I argue that you don't have the authority to act under the Commerce Clause in a certain way. Your lawyer bangs his fist on the table and says you do have such a right.

Now, the judge is deliberating. She concludes that I am right. Your lawyer is wrong. You, the government, cannot act as you wish to act under the Commerce Clause.

However, the judge also realizes that you have the perfectly constitutional power to act exactly the way you want to act under another clause, which gives you essentially plenary power to tax.

What should the judge do? Should the judge overturn a legitimate use of constitutional power because your lawyer is a moron?

Seven Machos said...

Chip -- You are, of course, wholly correct. Please forgive the generalities. It's late and I am not a detail-oriented person even in the bright light of the afternoon.

Chip S. said...

No problem, 7. It's just that little steps like that are how important distinctions get eroded over time.

Well, that plus--what the hell; it's the Althouse Late Show.

Congrats on your predictive accuracy, btw.

tim maguire said...

Whether or not the individual mandate is a tax is a funny question. Conservative generaly consider any money the goverment takes as a tax. Tax is defined as money taken by the government.

It is not conservatives, but liberals and the government itself that tends to define tax more narrowly, limiting it to income tax, sales tax, etc.

The mandate counts as a tax under the broader conservative definition, from which camp it is rejected, but it does not count as a tax by the liberal definition, from which camp it is embraced.

What does the majority of the court think? Outside of roberts, i trully believe they don't care. They were determined to uphold the law and one argument is as good as another. I don't think Roberts believes it's a tax either, but i don't buy the "preserve the status of the court" claim. Obamacare is too unpopular for roberts to believe he was defending the court by making the wrong decision.

I don't know what his movitaion was, but my best guess is simple failure of will. He lacked the courage to make so momentous decision, so he stood aside and let it continue (it is not the job of the court blah blah blah). Washed his hands, almost literally.

But what of the observation that taxes must start in the House? Obamacare started in the senate. So if it's constitutional because it's a tax, then it is unconstitutional because it was improperly enacted.

But that, too, is not an original observation and yet the powers that be don't seem to care.

John said...

And what am I, chopped liver?

2-3 years ago I was saying that if Obamacare was a tax, it would be constitutional.

I had based this on Justice Harlan Stone's comments to Sec Labor Frances Perkins who was trying to implement Social Security in 1934. He told her to make it a tax, rather than in insurance and it would be constitutional.

I even provided links to the story on Social Security's own site. Search Perkins and "A tea party that changed history"

I thought Obama had screwed up by not making it a tax. In fact saying specifically that it was not a tax. Little did I know the Supremes would call it a tax anyway.

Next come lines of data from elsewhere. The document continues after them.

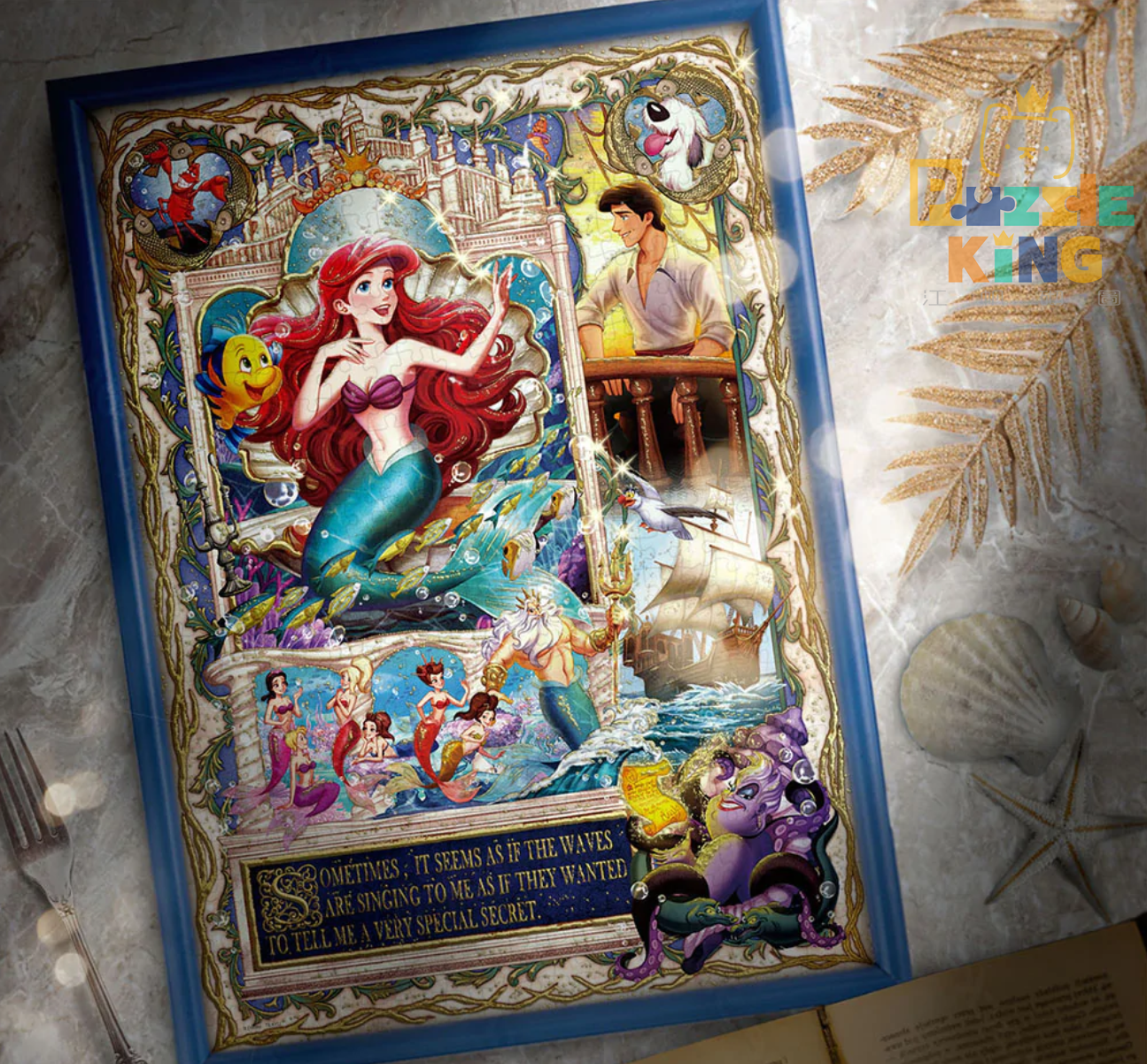 小美人魚-小美人魚在愛情中的願望 (鍍金風格)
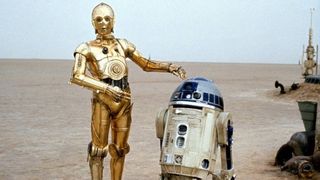 C-3PO and R2-D2 side by side.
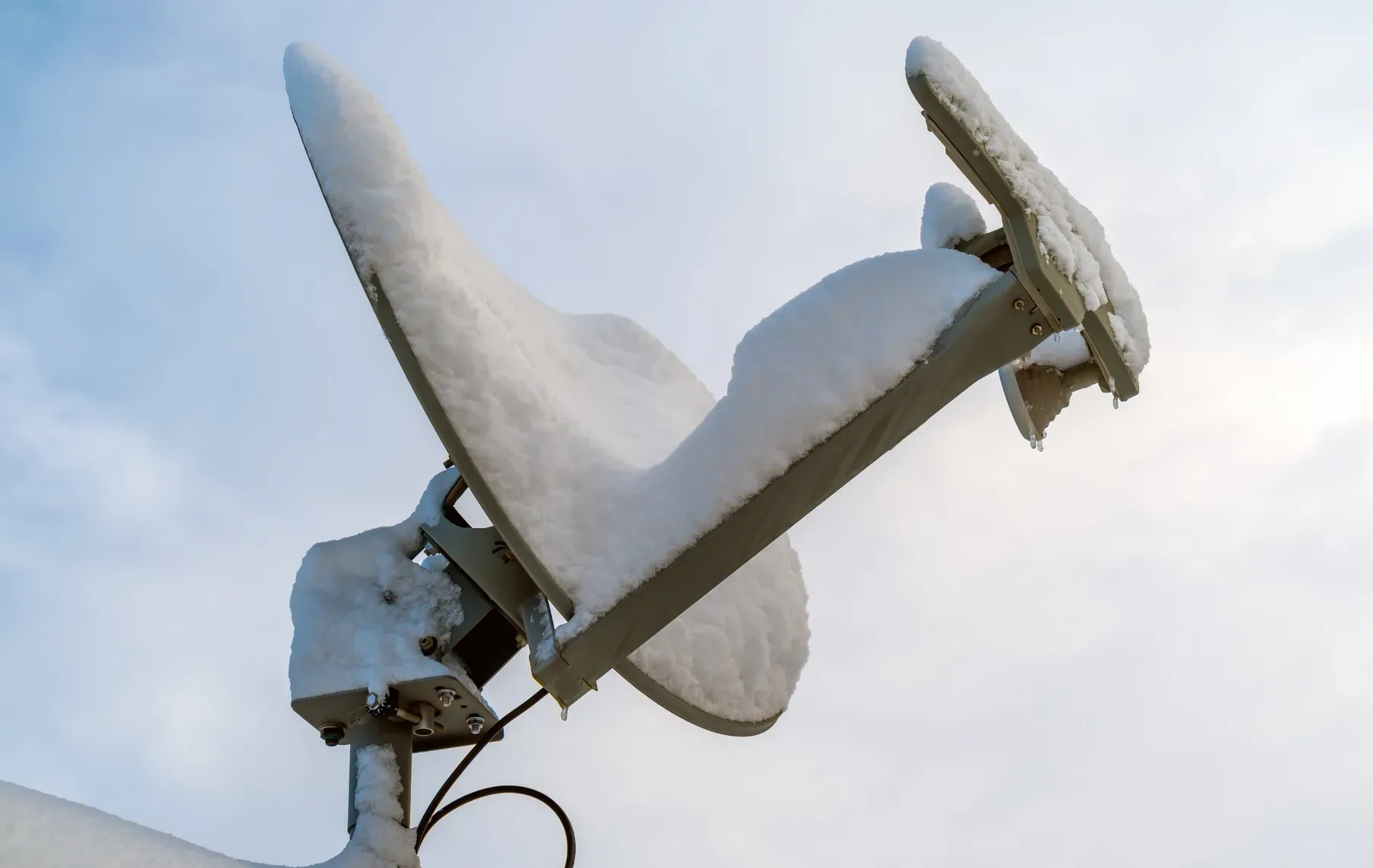 Satellite dish snow removal sales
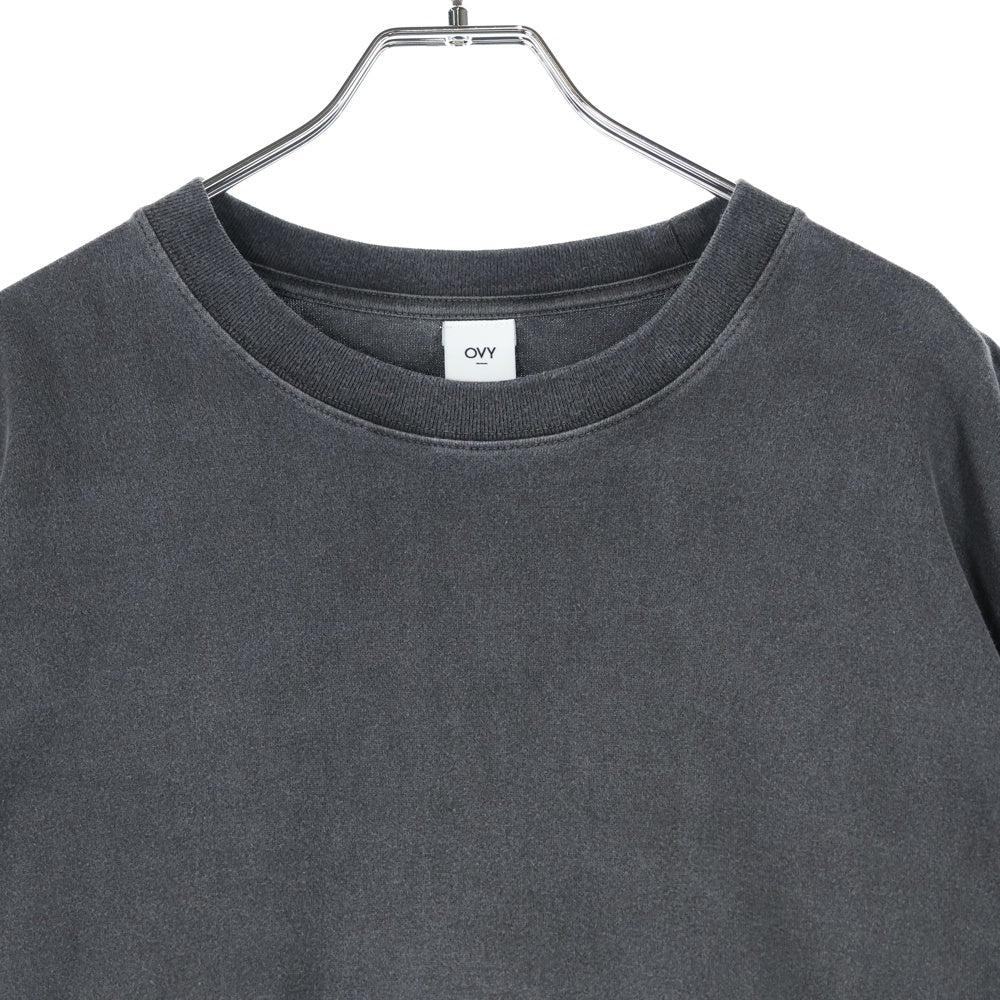 NO BRAND(ノーブランド) OVY Pigment Dyed Relax Fit T-shirts オヴィー ピグメントダイリラックスフィット 半袖Tシャツ カットソー ブラック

I never had any question that an Obamatax was constitutional and have been saying so all over the web for years.

So good for Tribe but how about a little credit for me?

John Henry

Rusty said...

Palladian said...
Can we set up a separate blog somewhere for Allie and her adversaries to have their 100-comment back-and-forth bickering sessions? It's really, really tiresome.



Either that or get a room.

Rusty said...

But what of the observation that taxes must start in the House? Obamacare started in the senate. So if it's constitutional because it's a tax, then it is unconstitutional because it was improperly enacted.

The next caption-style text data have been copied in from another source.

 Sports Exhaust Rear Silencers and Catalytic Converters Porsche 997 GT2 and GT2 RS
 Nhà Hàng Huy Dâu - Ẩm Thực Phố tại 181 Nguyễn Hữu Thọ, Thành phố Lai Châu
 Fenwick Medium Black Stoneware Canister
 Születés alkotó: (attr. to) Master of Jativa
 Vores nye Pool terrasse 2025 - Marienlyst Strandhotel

Not to dismiss anything Seven or Chip said,(smarter than me by a long way) but I've asserted all along that it was a tax and that the senate deliberately and cynically called it a penalty so as not to have it declared unconstitutional on procedural grounds.

Hagar said...

Obamacare technically started in the House. Harry Reid took a bill about something else and inserted Obamacare as a rider.

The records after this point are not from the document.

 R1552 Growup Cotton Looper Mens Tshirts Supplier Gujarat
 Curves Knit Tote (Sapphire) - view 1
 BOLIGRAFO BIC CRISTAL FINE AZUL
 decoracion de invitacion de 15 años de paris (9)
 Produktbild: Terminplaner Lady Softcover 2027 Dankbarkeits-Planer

This thing was totally phony all the way. The liberal Democrats knew it would never go anywhere on its merits.

Saint Croix said...

Limbaugh is Jabba the Hut.

It's funny how Rush looks like Churchill when he's sucking on a stogie. And both of them look like two big babies.

As both Freud and Titus would say, "Tits!"

And he's so happy when he's sucking on it and so mad when it's taken away!

Hagar said...

and call it chopped liver or whatever you want, but when it comes up again in the Senate it will be a tax bill and can't be filibustered.

Roberts opened the door for the Republicans to repeal Obamacare by democratic votes in Congress; all they have to do is walk through it come January.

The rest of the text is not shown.